Wassermassen überfluten ganze Ortschaften an der Ostsee. In Lübeck wird es jetzt richtig ernst.

© Andre Lenthe

Rügen: Heftige Wassermassen

Auf der Insel Rügen kamen heftige Wassermassen herunter.

In vielen Teilen Deutschlands herrscht Chaos. Der Regen wird nicht weniger und das Hochwasser verschluckt an der Ostsee fast ganze Ortschaften. Die Lage ist in Lübeck dramatisch!

Auch an der Ostsee bekommen nun die ersten Städte größere Probleme mit den Wassermassen. Die Altstadt von Lübeck wurde nun überraschend vom Hochwasser erreicht. Die Gemeinde vor Ort handelt sofort!

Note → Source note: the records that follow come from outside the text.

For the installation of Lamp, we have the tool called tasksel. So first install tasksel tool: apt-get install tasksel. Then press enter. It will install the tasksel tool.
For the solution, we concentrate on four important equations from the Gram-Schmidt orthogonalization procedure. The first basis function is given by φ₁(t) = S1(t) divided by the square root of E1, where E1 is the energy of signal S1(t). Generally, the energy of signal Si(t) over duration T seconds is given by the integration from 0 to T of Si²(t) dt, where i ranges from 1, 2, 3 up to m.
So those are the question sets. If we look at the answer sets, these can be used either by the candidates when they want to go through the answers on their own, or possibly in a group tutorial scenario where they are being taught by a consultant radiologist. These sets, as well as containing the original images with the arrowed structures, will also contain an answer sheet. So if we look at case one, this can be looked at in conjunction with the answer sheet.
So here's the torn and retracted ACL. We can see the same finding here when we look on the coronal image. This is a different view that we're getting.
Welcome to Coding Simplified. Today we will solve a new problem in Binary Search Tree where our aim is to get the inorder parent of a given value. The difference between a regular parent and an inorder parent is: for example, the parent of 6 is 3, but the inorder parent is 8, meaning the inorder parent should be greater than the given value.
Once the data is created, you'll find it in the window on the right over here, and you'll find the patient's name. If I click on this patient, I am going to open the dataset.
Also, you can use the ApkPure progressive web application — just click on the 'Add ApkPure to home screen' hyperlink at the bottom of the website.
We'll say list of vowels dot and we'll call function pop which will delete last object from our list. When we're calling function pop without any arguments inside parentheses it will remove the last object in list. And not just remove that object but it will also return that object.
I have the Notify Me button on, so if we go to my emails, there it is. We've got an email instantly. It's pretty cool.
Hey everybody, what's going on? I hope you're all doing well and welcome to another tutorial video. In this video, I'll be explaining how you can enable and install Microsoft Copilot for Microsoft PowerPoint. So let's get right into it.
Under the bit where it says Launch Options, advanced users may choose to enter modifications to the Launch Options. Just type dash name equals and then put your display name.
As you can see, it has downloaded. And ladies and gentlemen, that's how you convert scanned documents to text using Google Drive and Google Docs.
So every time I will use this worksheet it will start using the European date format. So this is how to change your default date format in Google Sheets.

Lübeck: Dauerregen und Wind sorgen für überschwemmte Straßen

Durch das anhaltend schlechte Wetter und den Dauerregen erreichte nun auf die Lübecker Altstadt zunehmend das Hochwasser. Der Pegelstand an der Lübecker Obertrave erreichte gegen 11.45 Uhr einen neuen Höchststand von 6,08 Meter. Das entspricht rund 1,20 Meter über dem mittleren Wasserstand.

Das Hochwasser hat nun auch die Lübecker Altstadt erreicht. Erste Fahrzeuge müssen abgeschleppt werden. Foto: Andre Lenthe

Doch die Ordnungsbehörden der Städte und Gemeinden wurde sofort aktiv und sperrte schon einige Straßen in Lübeck. Außerdem wurden Abschleppdienste organisiert, die nun die letzten Autos im Bereich des Hafens in der Altstadt abschleppen, damit diese Autos nicht noch zur Gefahr werden.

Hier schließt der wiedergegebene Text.